For leaders, this is less about hype and more about throughput, quality of recommendations, and consistent client outcomes at scale. The move signals where advisory models are heading: augmented teams, tighter workflows, and measurable gains in engagement and AUM growth.
What's changing
Arta AI provides advisors with dedicated AI agents that sit across the bank's data stack. These agents surface insights, automate routine analysis, and support day-to-day decision-making, cutting cycle times from inquiry to recommendation.
The result: fewer manual handoffs, cleaner context in every client interaction, and a more defensible audit trail for how advice is formed.
How each bank is using it
Bank of Singapore is deploying Arta AI to assist external asset managers and family offices. The focus is automating investment research and personalising portfolio management, enabling deeper, more bespoke advice without increasing headcount.
Hong Leong Bank is equipping relationship managers with integrated portfolio data, CIO research, and risk models. The goal is to deliver recommendations that fit each client's risk profile while supporting the bank's broader push to embed AI across advisory-led wealth services.
What Arta AI brings to the table
The platform combines generative AI with real-time market data and proprietary research. Core features include portfolio analysis, Monte Carlo simulations, and multilingual communication.
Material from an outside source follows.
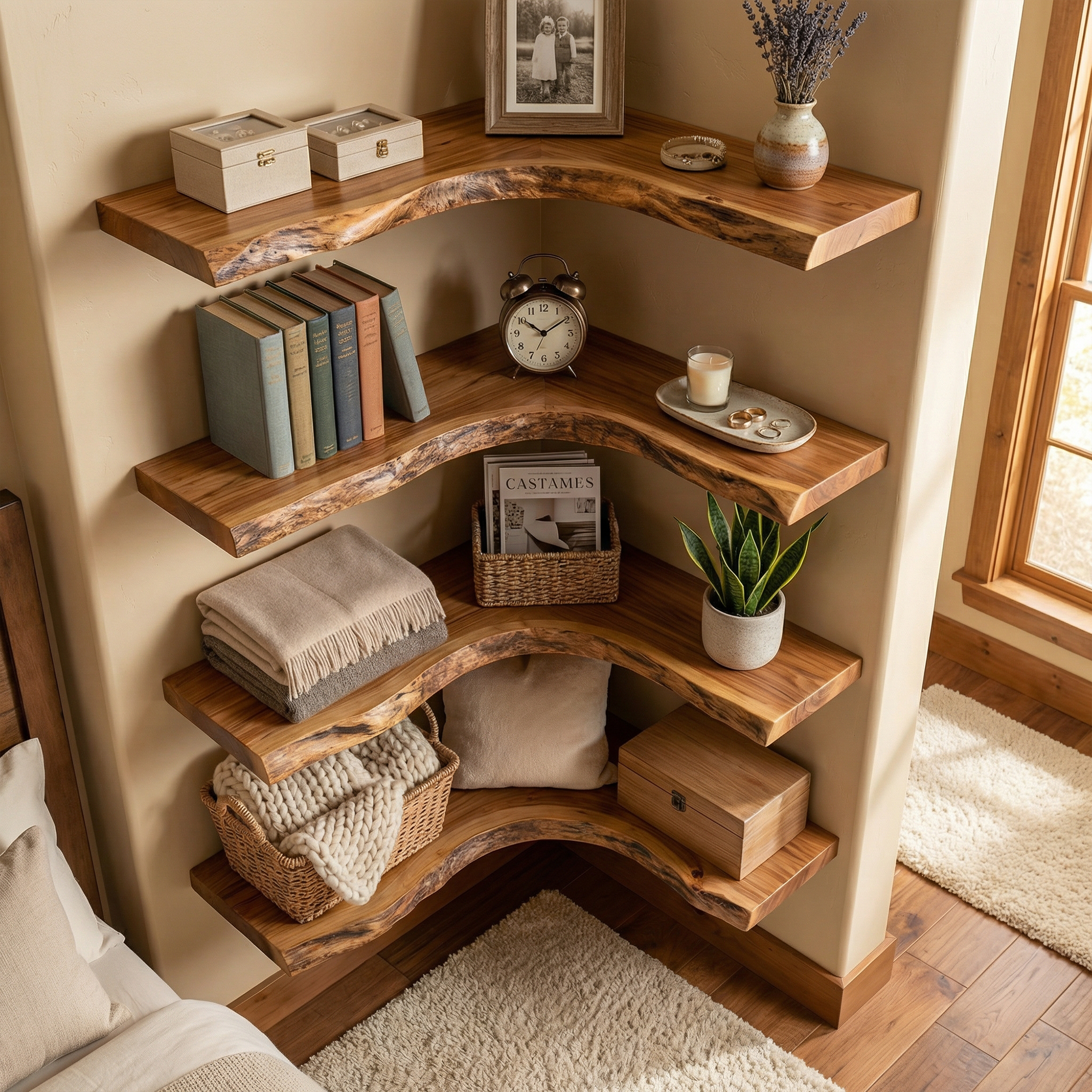 Modern Traditional Corner Floating Shelves Solid Wood Living Room Accent SINLKIFL503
It supports white-label deployment and firm-specific customisation, making it easier to slot into existing banking systems without disrupting frontline workflows.
Why this matters for management
- Productivity gains: Reduce research prep and proposal cycles so advisors can spend more time with clients.
- Consistency with personalisation: Standardised models and CIO views delivered in the context of each portfolio.
- Risk discipline: Clear parameters and scenario tools help align recommendations with client profiles and policy.
- Talent leverage: Lift the output of every RM and analyst; onboard new hires faster with embedded guidance.
- Client experience: Faster answers, proactive ideas, and communication in the client's preferred language.
Governance and implementation notes
- Data controls: Map sources (portfolio, CRM, research), set permissions, and audit access.
- Model oversight: Define review thresholds, escalation paths, and capture rationale for key recommendations.
- Integration: Connect to existing PMS/CRM tools and CIO research so advisors work in one flow.
- Change management: Train by role, provide playbooks, and set clear "dos and don'ts."
- Measurement: Track time-to-proposal, meeting prep time, adoption, win rates, and RM book growth.
Immediate next steps
- Select a pilot segment (e.g., affluent or select family offices) with clear success criteria.
- Prioritise 2-3 use cases: proposal creation, rebalancing prompts, and risk scenario reviews.
- Integrate core data feeds, then add CIO notes and product shelf details.
- Set guardrails for recommendations, disclosures, and client communications.
- Run side-by-side tests for four to six weeks; compare output quality and cycle times.
- Scale in waves once KPIs hold and governance is baked in.